-------- DATA FOR THIS TASK --------

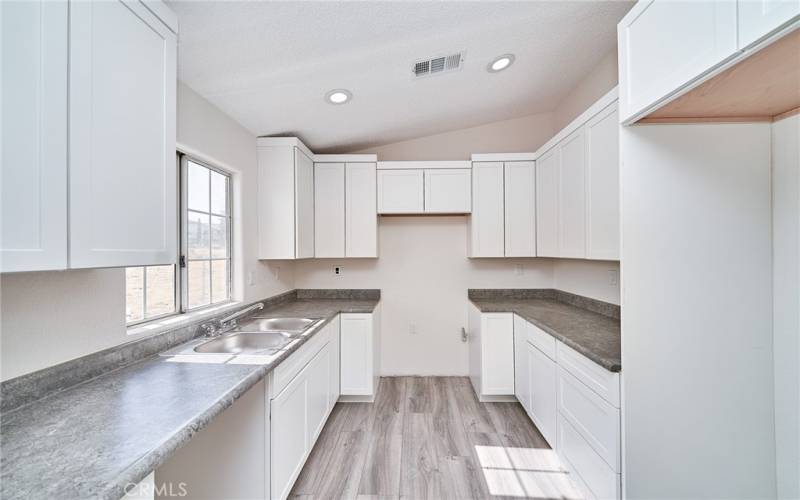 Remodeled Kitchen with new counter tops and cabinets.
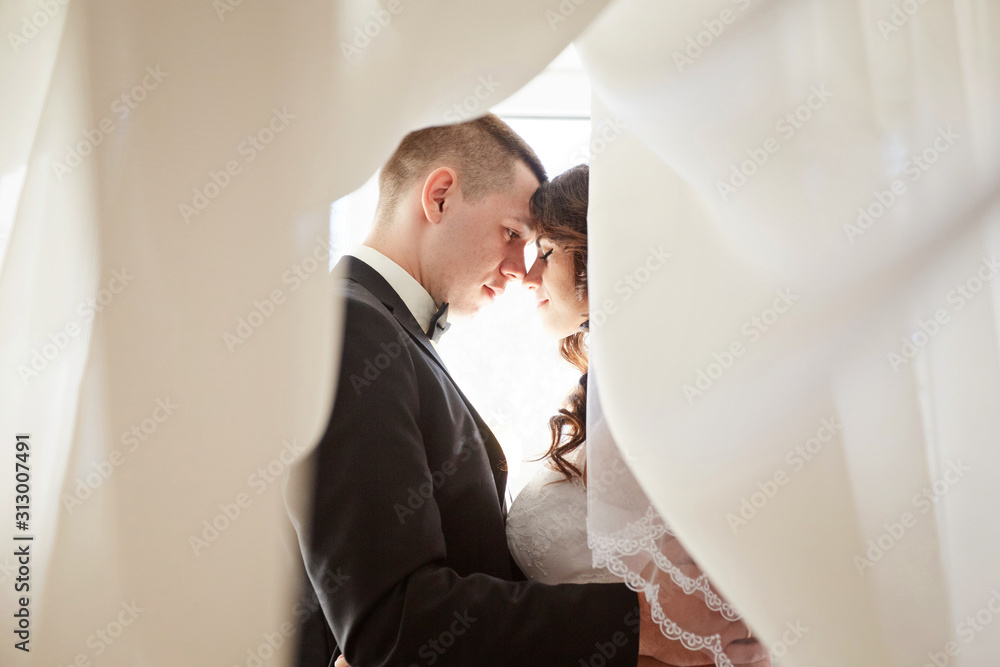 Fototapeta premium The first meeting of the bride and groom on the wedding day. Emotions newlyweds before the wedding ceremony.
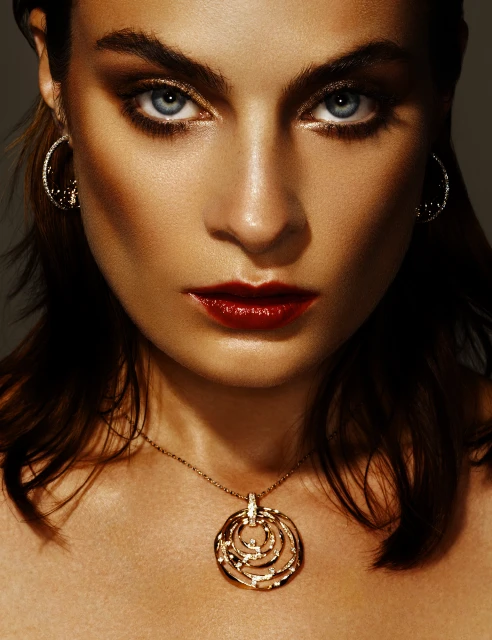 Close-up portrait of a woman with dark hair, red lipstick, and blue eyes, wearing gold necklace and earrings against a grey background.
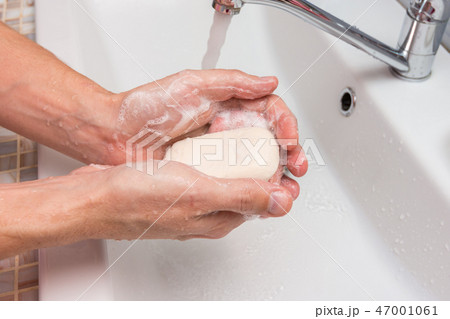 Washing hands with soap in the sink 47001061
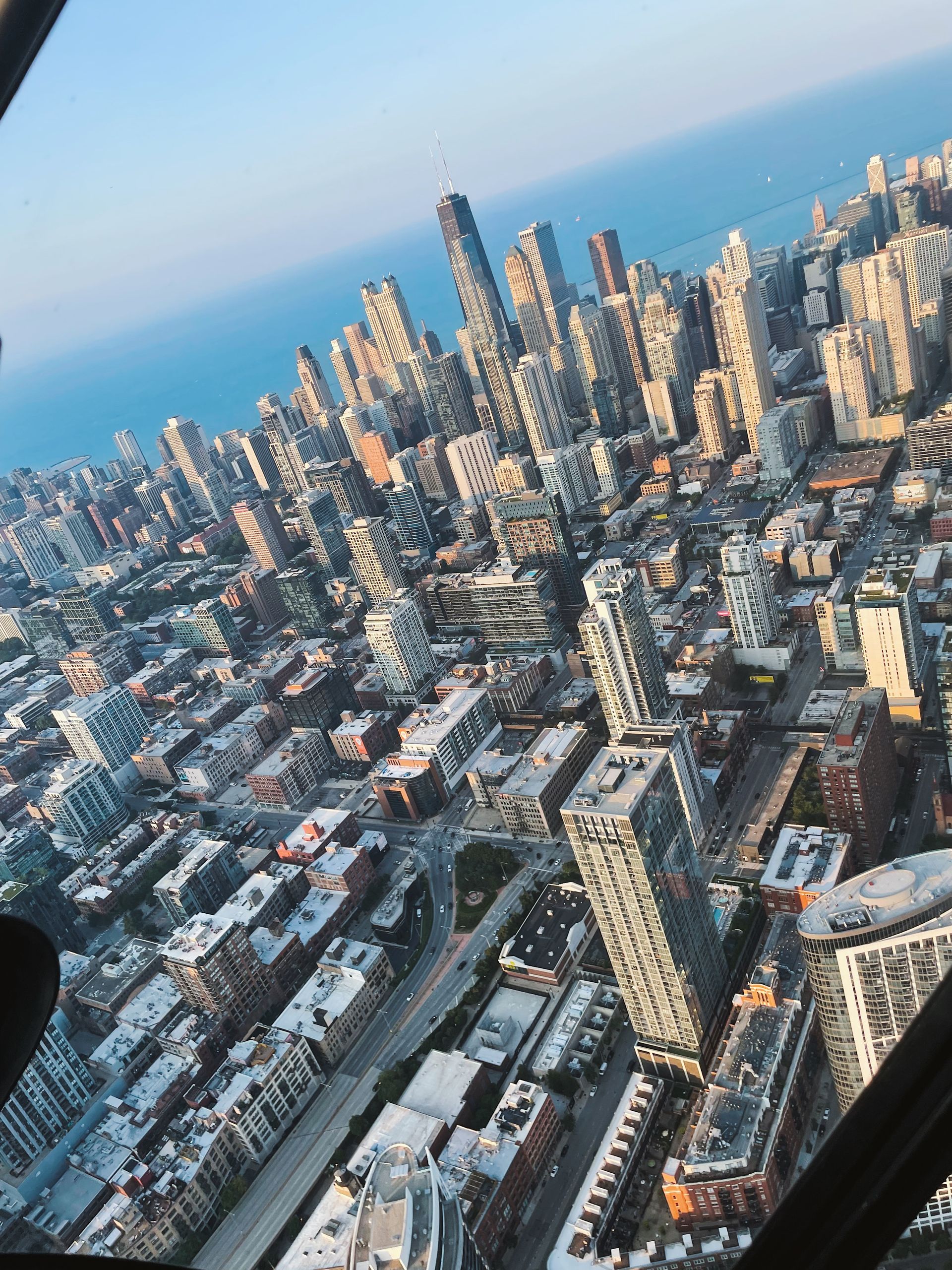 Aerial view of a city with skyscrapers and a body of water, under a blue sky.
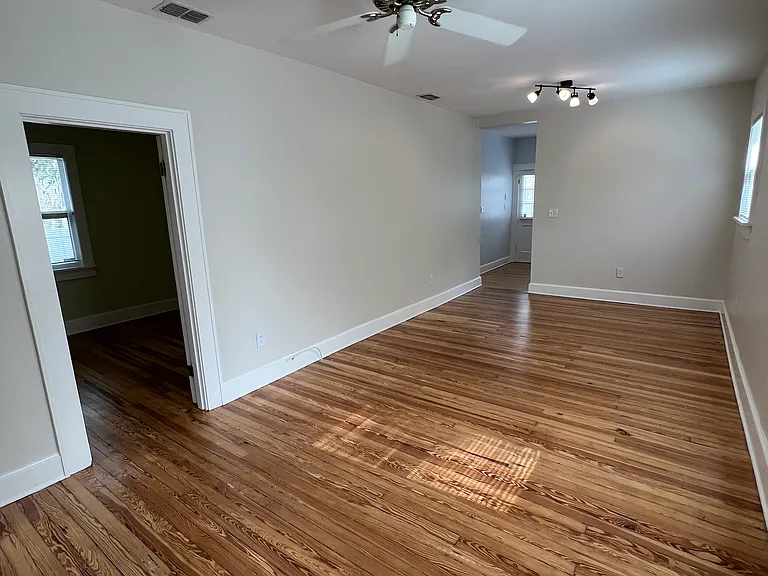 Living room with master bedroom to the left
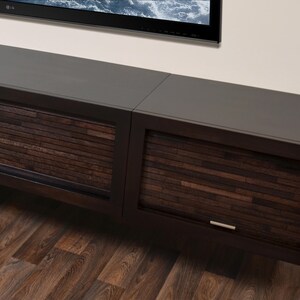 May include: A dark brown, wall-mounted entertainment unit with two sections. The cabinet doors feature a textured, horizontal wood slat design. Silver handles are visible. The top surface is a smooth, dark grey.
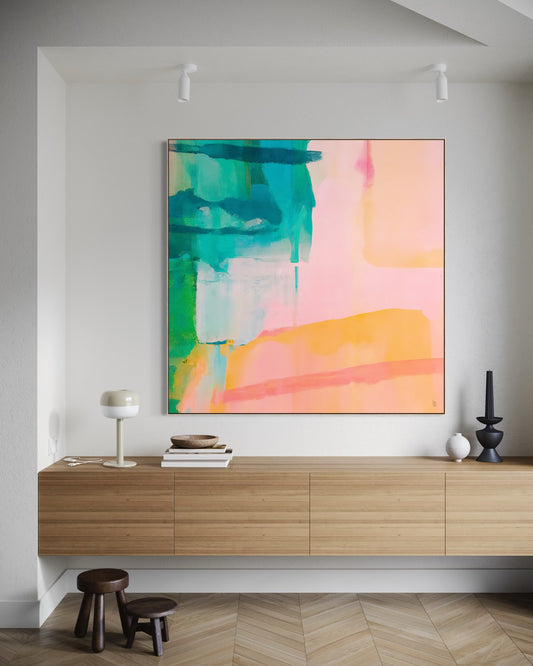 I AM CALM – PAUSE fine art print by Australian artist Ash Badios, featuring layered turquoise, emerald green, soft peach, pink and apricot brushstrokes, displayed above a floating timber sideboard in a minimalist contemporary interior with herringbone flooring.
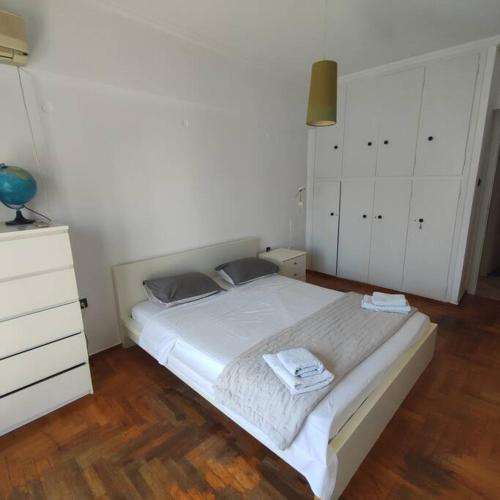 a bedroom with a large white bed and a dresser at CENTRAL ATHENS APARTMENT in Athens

--------

§ **TASK DETAILS**
Exclude all pictures and return precisely the lines from the one containing "Aerial view of" through the closing line of the data.

§ **COMPLETED TASK**
 Aerial view of a city with skyscrapers and a body of water, under a blue sky.
 Living room with master bedroom to the left
 May include: A dark brown, wall-mounted entertainment unit with two sections. The cabinet doors feature a textured, horizontal wood slat design. Silver handles are visible. The top surface is a smooth, dark grey.
 I AM CALM – PAUSE fine art print by Australian artist Ash Badios, featuring layered turquoise, emerald green, soft peach, pink and apricot brushstrokes, displayed above a floating timber sideboard in a minimalist contemporary interior with herringbone flooring.
 a bedroom with a large white bed and a dresser at CENTRAL ATHENS APARTMENT in Athens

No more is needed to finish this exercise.